Since it is such a hot subject lately, I thought that maybe we could toss some ideas around about how to stabilize iraq, maybe discuss exit strategies.
Does the current coalition as of 23Sep04, really need more help? Or would too many cooks spoil the broth?
Iraqi elections in January, possible? Desirable?
Should we use Afganistan as a model for Iraq? The govt. of Afganistan still needs international support (3 years later). How long should Iraq be supported?
Can the west expect a new ally in the war on terror in Iraq? (I don't think so, but anything is possible right?)
Religious freedom, i.e. a secular govt, is it the only way to unite the Sunni's and Shiites under one government?
What about the Kurds? They have been trying for years to break a piece off of Northern Iraq and Southern Turkey and form their own Kurdistan. What will probably happen?
Please reply to the best of your ability, provide historical examples (occupation of Japan and Germany after WWII comes to mind) if you can.
This forum is filled with some very intelligent people. Lets see what we can come up with.
Jimro
But nobody commented. It makes me feel unloved. What can I say? I love attention.
Washington Post:
Another rending week of violence in Iraq has underlined the critical challenge that confronts the Bush administration: Unless it can find ways to improve security in the coming weeks, its larger strategy for the country, which begins with elections planned for January, may unravel. Senior Iraqi officials, American generals and U.N. Secretary General Kofi Annan all have warned in recent days that nationwide elections won't be possible in the present conditions. Iraqi insurgents effectively control several large towns, and a daily barrage of car bombs, ambushes, kidnappings and mortar attacks makes peaceful political activity impossible in Baghdad and other government-controlled areas. President Bush must soon make tough decisions about whether to launch potentially costly military operations or compromise what may be the last chance for a successful political outcome.
Yet Mr. Bush, who spent the week campaigning for reelection, has offered scant acknowledgment of the quandary he faces or of the worsening state of a mission that has dominated more than half of his first term. His description of Iraq is bland to the point of dishonesty: "Despite ongoing acts of violence," he repeated Friday, "that country has a strong prime minister, they've got a national council and they are going to have elections in January of 2005." Not only has Mr. Bush not said how, or whether, he intends to respond to the worsening situation; he doesn't really admit it exists.
This duck-and-cover strategy may have its political advantages, but it is also deeply irresponsible and potentially dangerous. As conservative Sen. Chuck Hagel (R-Neb.) put it last week, "the worst thing we can do is hold ourselves hostage to some grand illusion that we're winning. Right now, we are not winning.
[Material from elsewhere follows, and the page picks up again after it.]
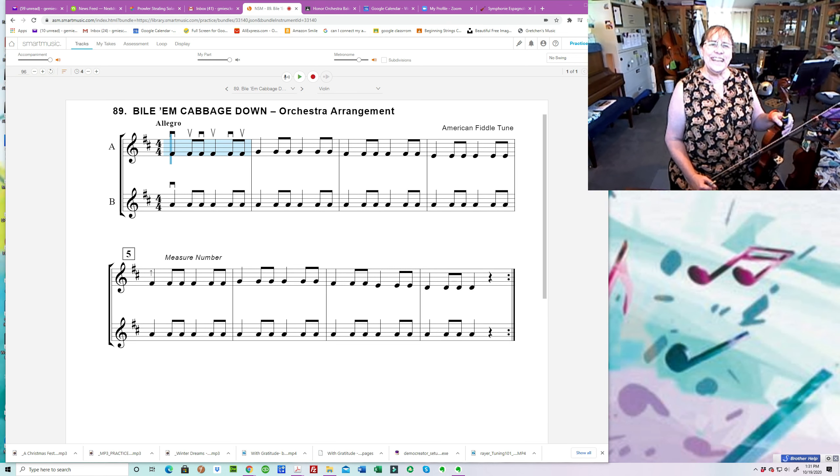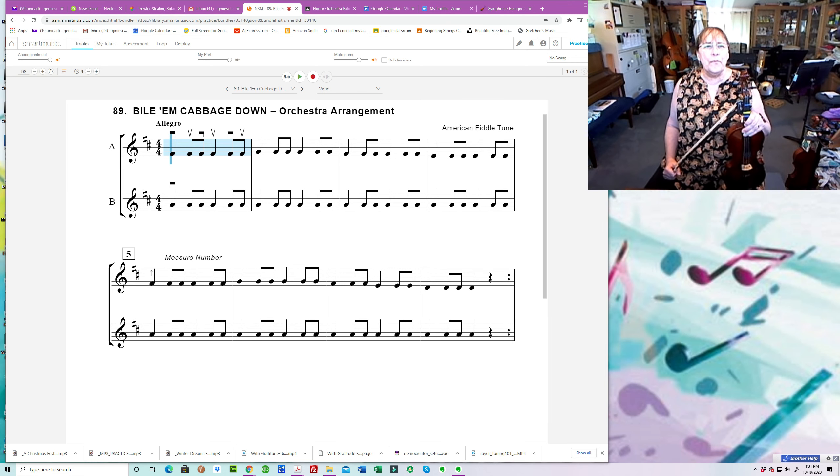Hi there, it's Ms. Gretchen here. I am going to play for you number 89, Bile Em Cabbage Down. I'm playing the violin part, the top line — so in other words, the A part. I'm going to be playing it along with the accompaniment in SmartMusic.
Things are getting worse."
"Grand illusions" have too often guided Mr. Bush in Iraq. We believed the president was right to confront the threat posed by Saddam Hussein, and like the vast majority of Iraqis, we welcomed the removal of that murderous regime. Yet even before the war it seemed to us that Mr. Bush was failing to recognize or prepare for the fact that the postwar reconstruction of Iraq would be long, difficult and dangerous. He ignored those in his administration who warned of the likely challenges. Instead, he handed control over postwar Iraq to a Pentagon leadership convinced that a government centered on former exiles could quickly be established.
When that plan failed, the administration shifted to another unrealistic course, based on a prolonged reconstruction of the country under a MacArthur-like administrator. More sensible proposals to internationalize that administration were ignored, and it was many months before U.S. officials finally recognized and listened to genuine Iraqi leaders and agreed to the present plan for elections. Yet even now there is no evident acknowledg- ment of realities on the ground. American commanders and their Pentagon superiors have repeatedly underestimated the Iraqi resistance, stubbornly resisted additional deployments of troops despite an obvious need and failed to restructure aid programs so that the billions appropriated by Congress could be spent. Reports that Iraqi prisoners were mistreated were brushed off until a damaging scandal erupted.
Too often American soldiers and commanders have been flung into the breach between illusion and reality. Many have responded with great courage and creativity, and they can point to many accomplishments that receive little attention back home. But more than 1,000 have died, thousands more as well have paid a terrible cost and no end to these losses is in sight.
Whatever his rhetoric, Mr. Bush deserves to be judged by this record. In our view, it is one of courage in setting goals and steadfastness in sticking to them but also one of extraordinary recklessness and incompetence in execution. It may be that the current disorder in Iraq was inevitable following a U.S. invasion and that a wiser approach could not have prevented it. Yet we believe Mr. Bush could have achieved much more. Now he tells voters he will stay the course; the way to make that promise convincing is to be honest with Americans about the challenge he now faces -- and to lay out a realistic response to it.